The writing’s on the whale…
The Mud Whale is a gigantic ship at the mercy of the shifting sands of a seemingly endless ocean. The 513 souls aboard—a people who exist holistically with the sand, wind, and sunlight—are not so much sailors as they are residents. The marked among them, those able to wield the telekinetic power known as thymia, have lifespans of about 20 to 30 years, while those who cannot wield thymia (the unmarked) can live to a ripe old age. Recording the daily happenings of all these people as well as governing decisions made by the mayor and the Council of Elders is a marked boy named Chakuro—the Mud Whale’s official archivist, whose efforts are held in high regard for communicating sentimentality without outright mentioning emotions. All those aboard the Mud Whale are brought up to contain their emotions even though emotion is what strengthens thymia. The rationale behind this is woven into myth, but the truth is far more terrifying. During a routine encounter with another ship, a scouting/salvage party from the Mud Whale discovers much more than their society bargained for.
Finding out what is known and not known and who, exactly, knows how much; why they have or have not shared what they know; and the backstories of key characters is the driving force of this series, which adapts the ongoing manga from Abi Umeda. To these ends, the muddled pacing of Children of the Whales helps and hurts; the main formula for baiting interest, aside from very graphic, bloody combat, is the promise of learning something contextually important. This adeptly evokes the ululant “Why?!” of the innocent in times of war. What doesn’t work so much are fight scenes broken with gags and emotional flashbacks or cuts to other such scenes. One could earnestly argue that this is done to convey the mixed emotions of a pacifist people who take up arms, like a game, and then react to its consequences in the most human ways possible (through joking, sorrow, horror), but the presentation does not do a great job at conveying that.

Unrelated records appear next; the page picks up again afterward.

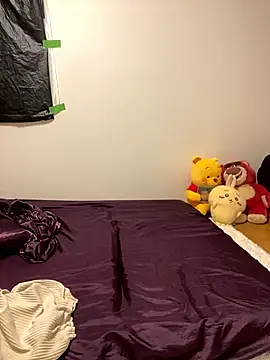 Snapshot of h415a812 chatting on October 4, 8:24 pm h415a812 online show from October 4, 8:24 pm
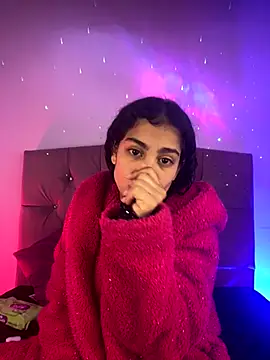 NINA 18 YEARS online show from December 4, 8:28 pm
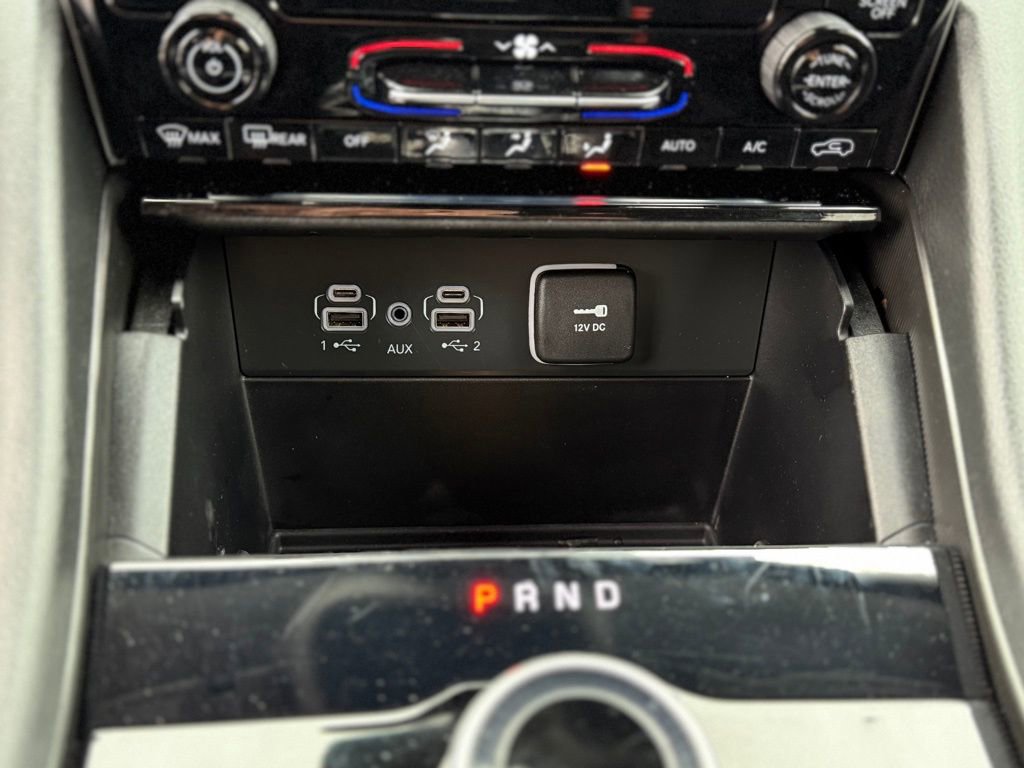 Used 2024 Jeep Grand Cherokee Laredo image 17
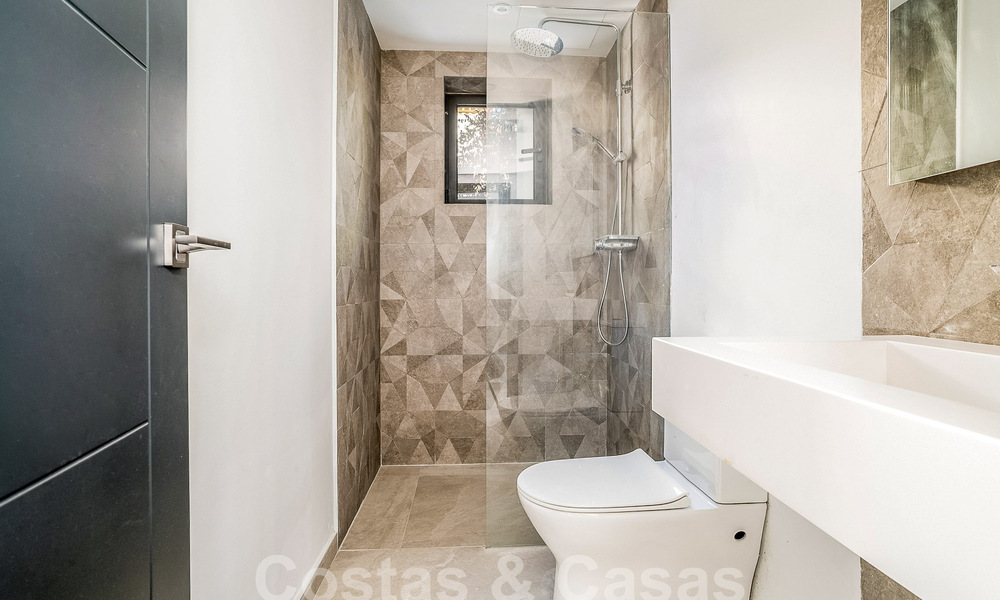 Villa méditerranéenne de luxe à vendre avec une touche de modernisme à Benahavis - Marbella 53102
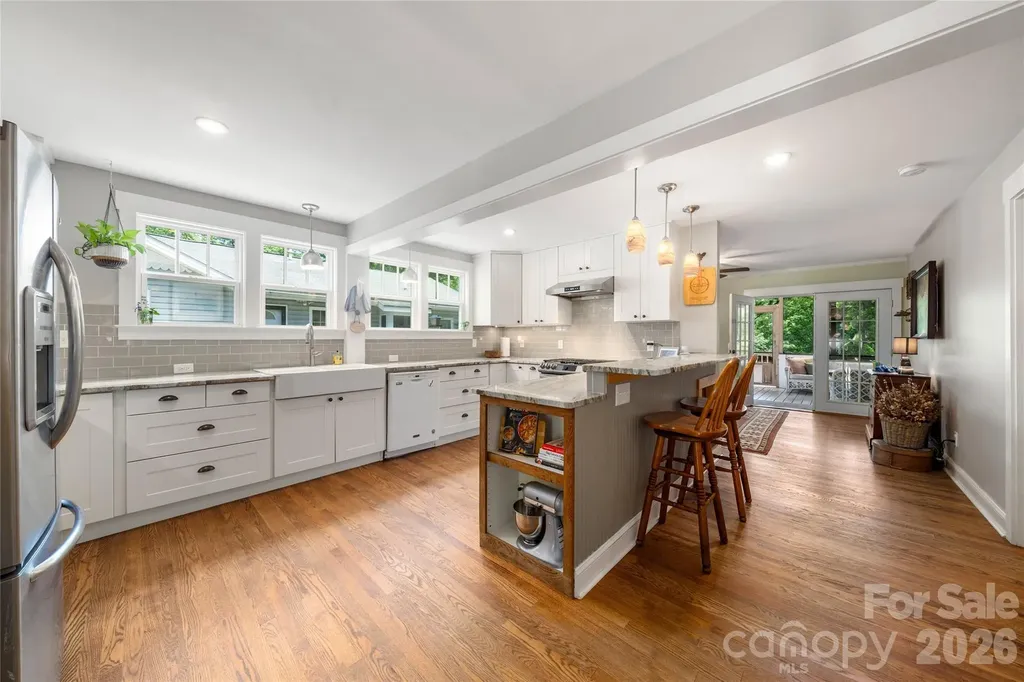 43 Morris Street Asheville NC 28806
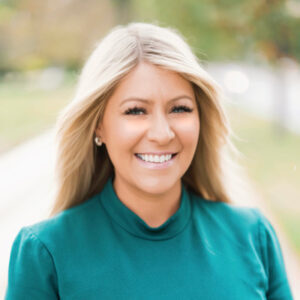 GWVC-Headshots-Lindsay-IMG1 GWVC-Headshots-Lindsay-IMG1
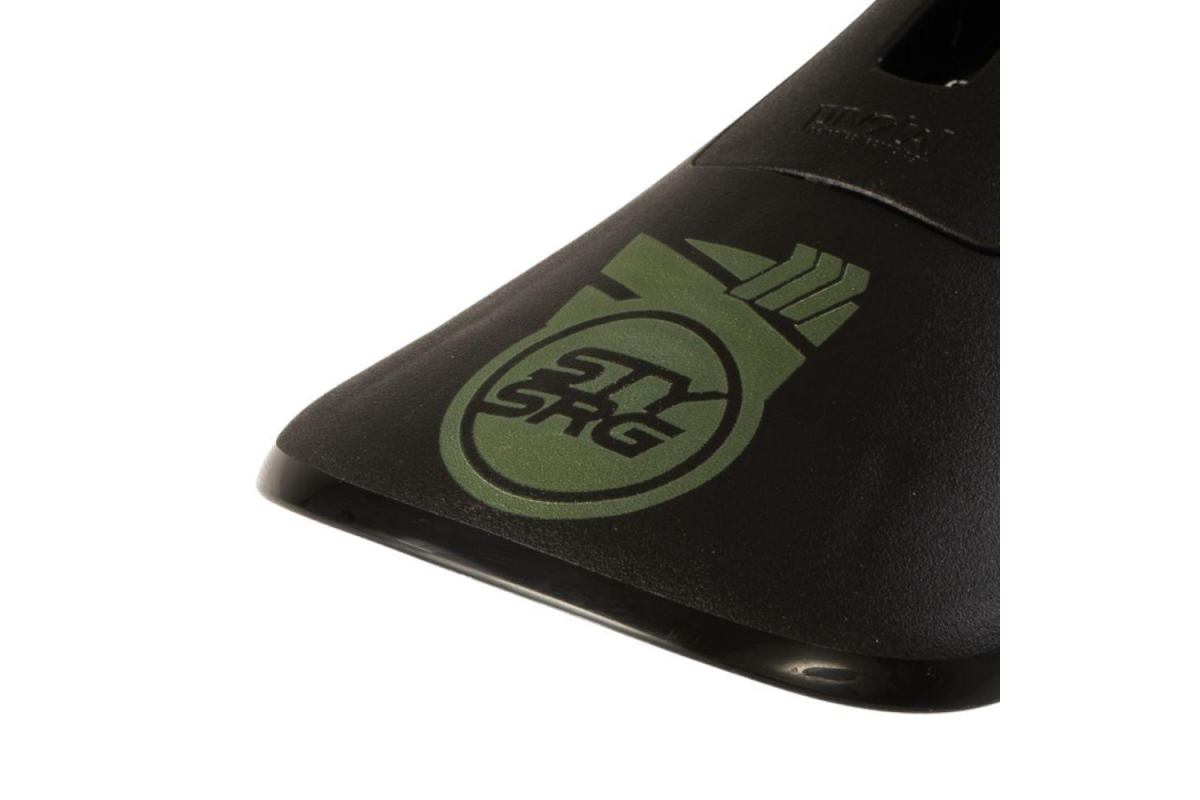 2_selle-stay-strong-fast-chevron-pivotal-green-print
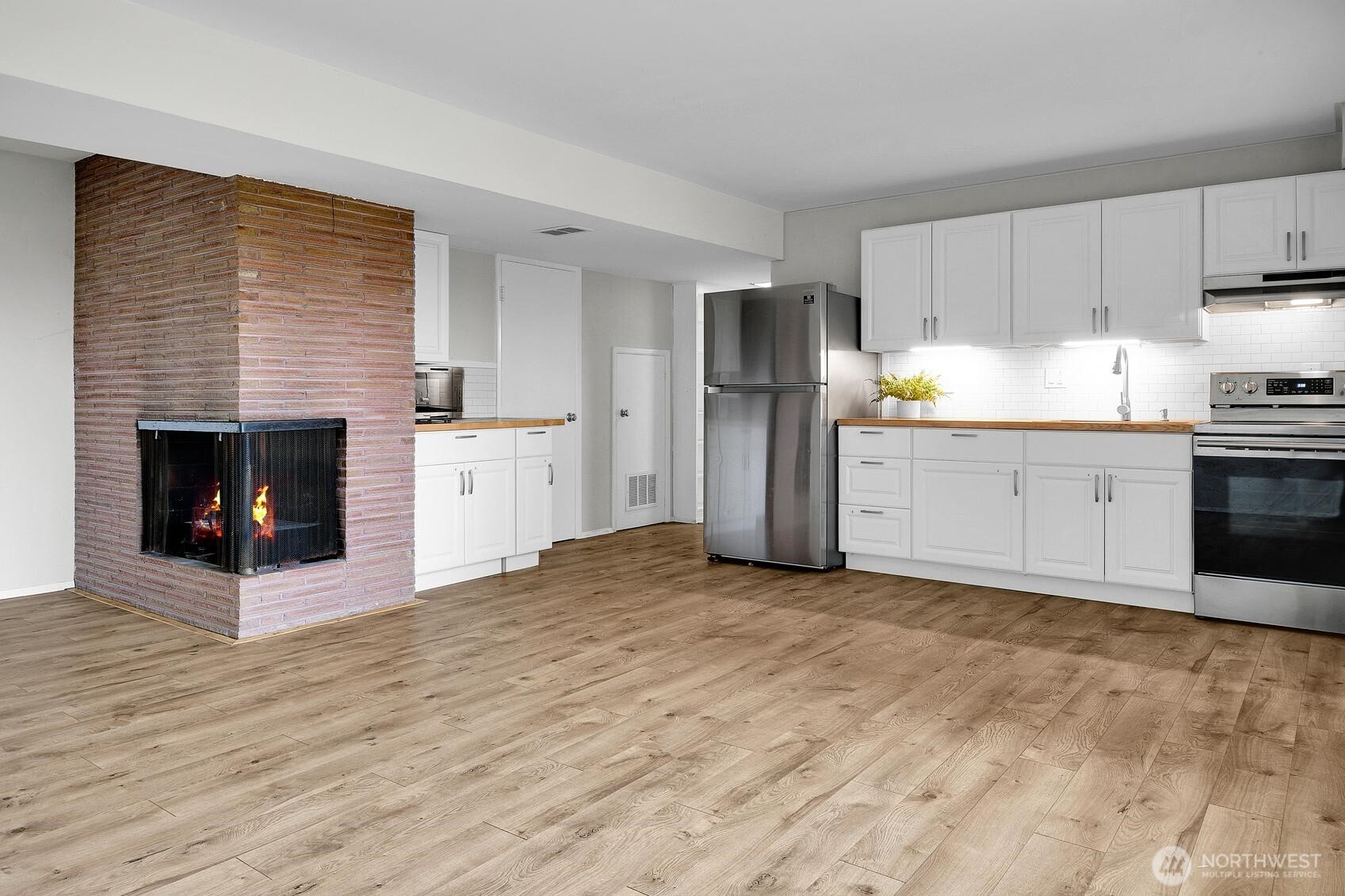 8240 South 114th Street Seattle, WA 98178 - Photo 13 of 24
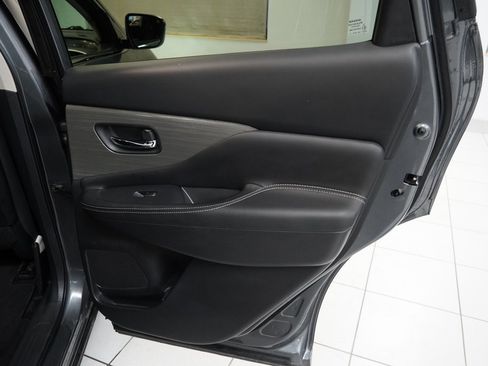 Used 2018 Nissan Murano S image 22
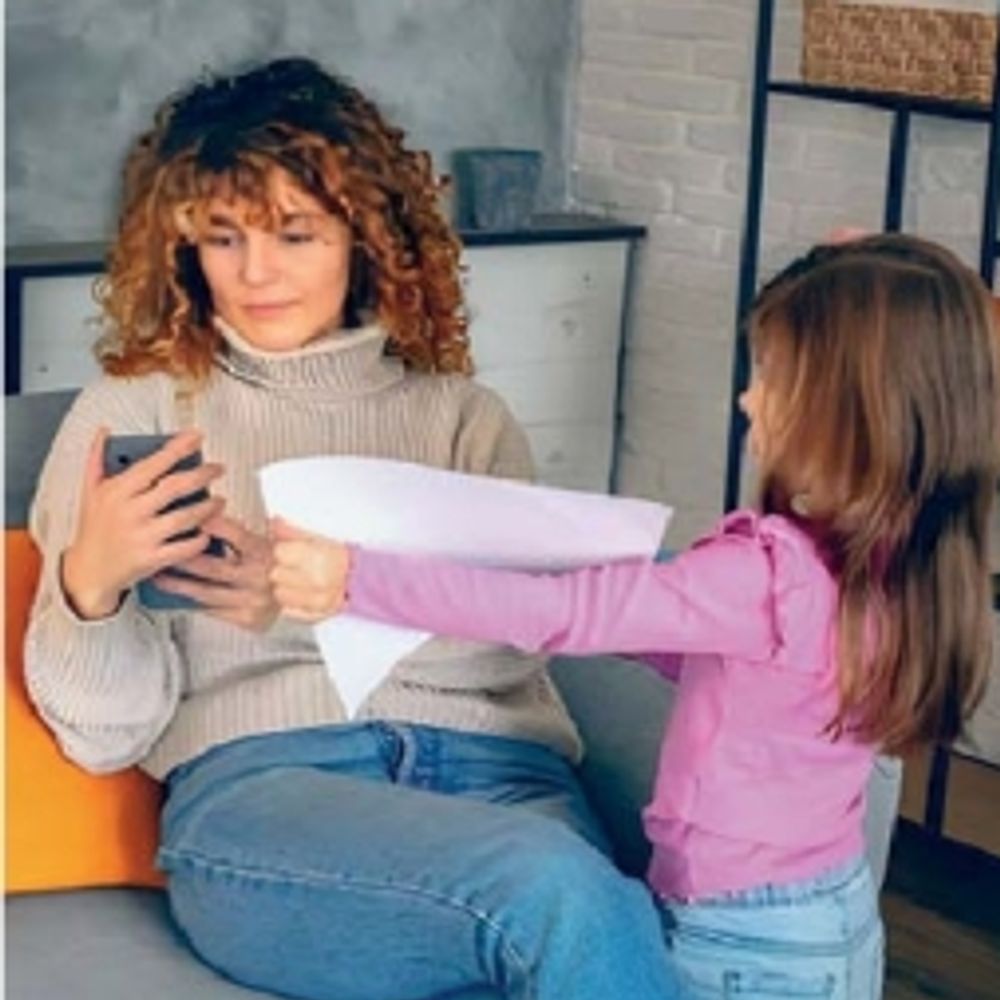 रील स्क्रॉलिंग भी जंक फूड की तरह; मेमोरी -फोकस कमजोर:माता-पिता का स्क्रीन टाइम ज्यादा, तो बच्चों में फोन की लत लगने के चांस ज्यादा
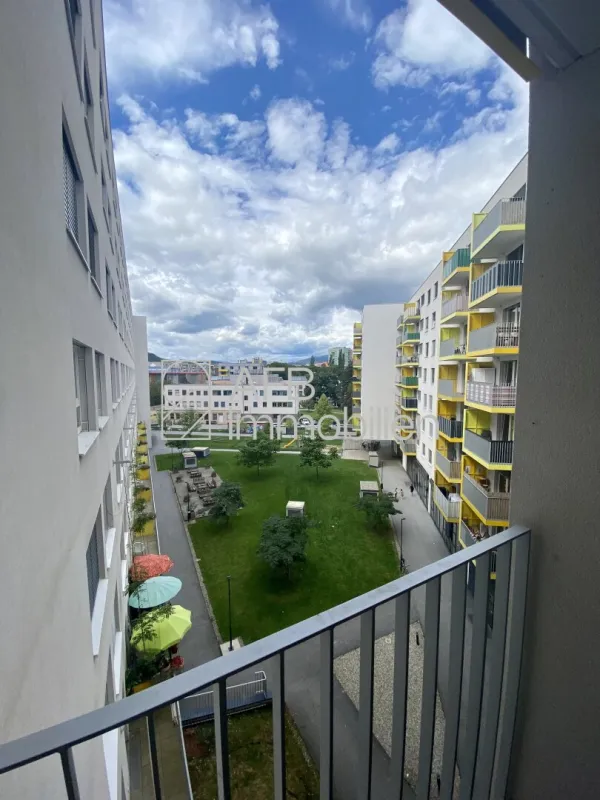 3 Monate mietfrei! 2 Zimmer Genossenschaftswohnung mit großer Loggia - Bild 1
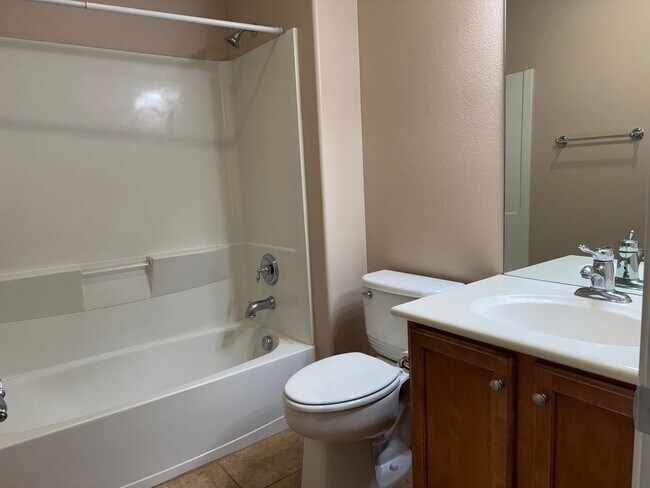 Building Photo - Corner lot Roseville property!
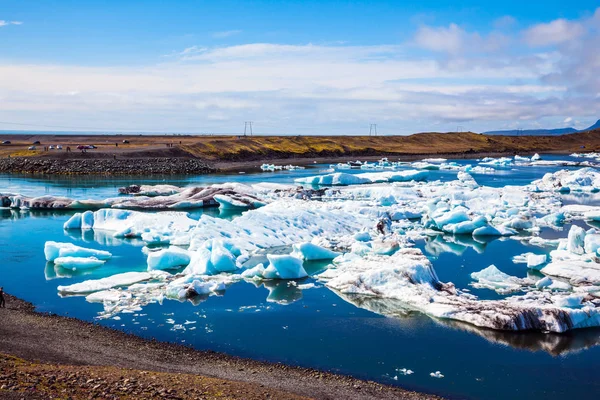 Hielo blanco-azul se encuentra en el agua turquesa — Foto de Stock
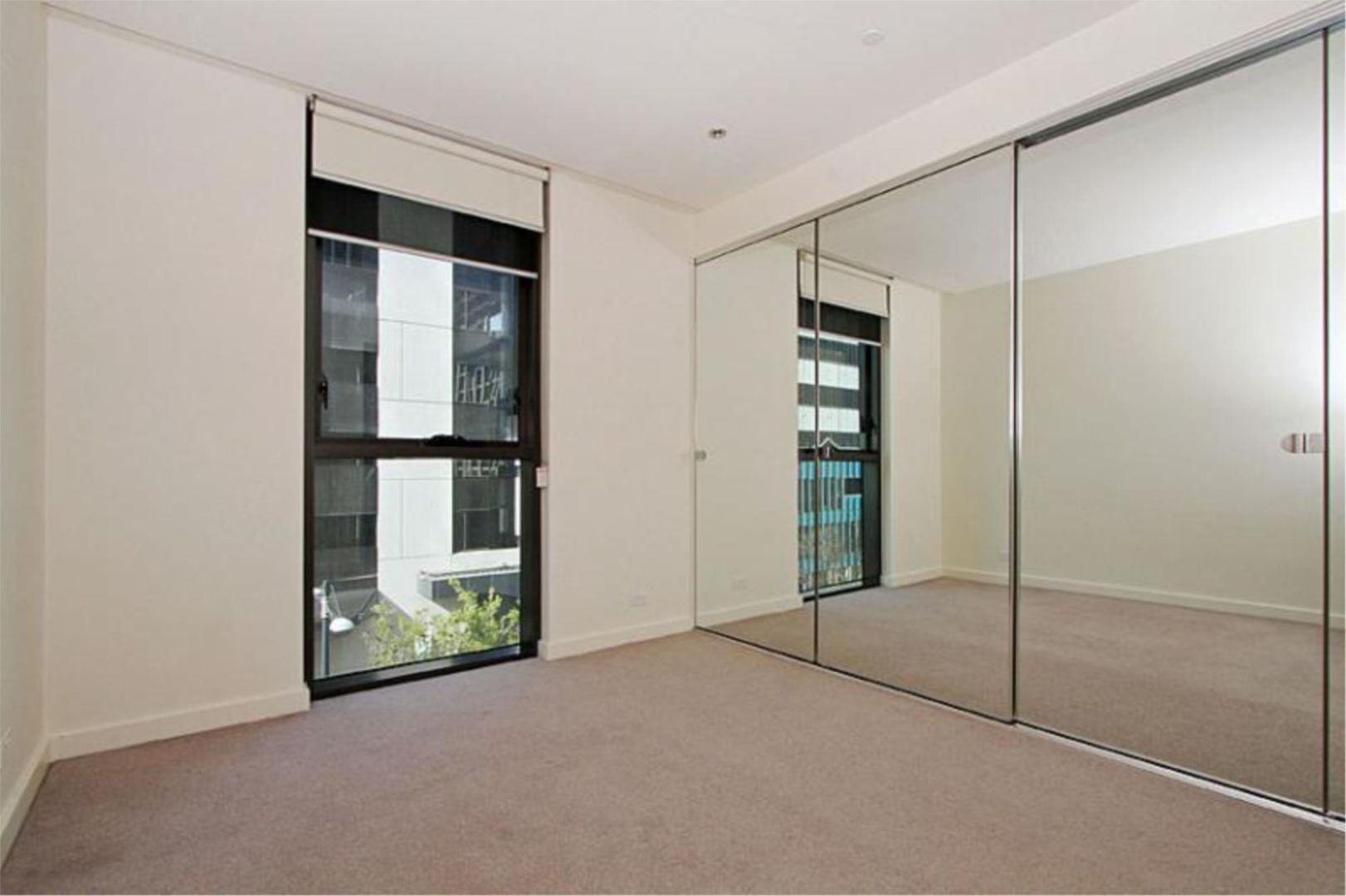 2G/8 Waterside Place, Docklands VIC 3008, Image 2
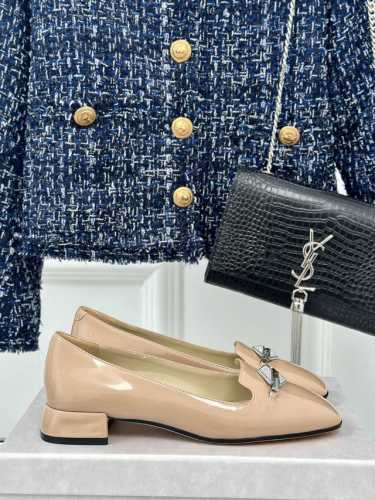 厂价 Jimmy Choo｜周仰杰24ss早春新品单鞋 JC家永恒经典之作 简约设计 满满的少女风 既摩登又复古的味道 鞋面采用进口小牛漆皮 内里进口混种羊皮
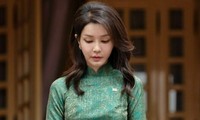 Đệ nhất phu nhân Hàn Quốc khiến váy áo cháy hàng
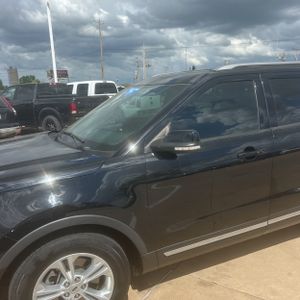 FORD EXPLORER XLT - 2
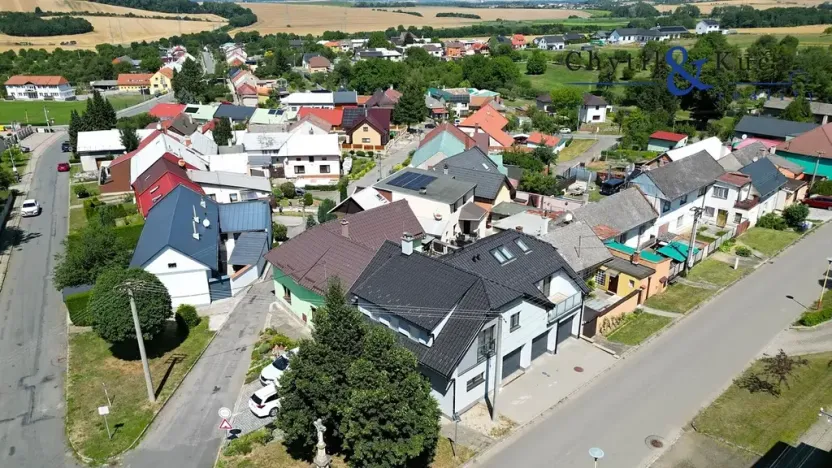 Prodej atypického bytu, Beňov, 235 m2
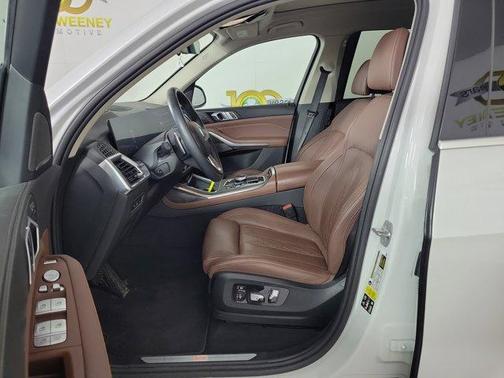 Mineral White Metallic 2024 BMW X7 xDrive40i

Children of the Whales focuses on a sheltered people who live peacefully together, and the show does a superb job of hinting that all is not as it has been told initially through seemingly innocuous punishments doled out to children and dissenters. What really makes this a promising series, however, is that it keeps growing the world to include outside influence and thereby causes numerous conflicts not only within the various factions on the Mud Whale but between those and the cultures they encounter as a fractured society. In the end (note: the anime series is, like the manga, still in progress), this is very much a show about the horrors of a lack of knowledge about history and the ways history can be rewritten to manipulate people.
A weird mix of traditional and CGI animation as well as hand-drawn backgrounds works amazingly well most of the time. The combination of these elements often adds contrasts that distinguish conflicts or enhance moments of poetic imagery. What occasionally does not work is when characters crawl through certain backgrounds, which then seem too flat (or make the characters appear too round). The color palette, with its mix of metallic and matte hues that truly evoke a desert setting, is dead on and often quite breathtaking in retrospect (if not in real time) for its bright barrenness.
Streaming on Netflix, Children of the Whales is a violent and sad cautionary tale with so many layers and so much back and forth that it comes across as needlessly complex/indulgent. However, all its moving pieces—how they interact with each other and their world and how it relates to our own—hold great promise for future battles of morals and militaries. Not perfect, but a darned good watch.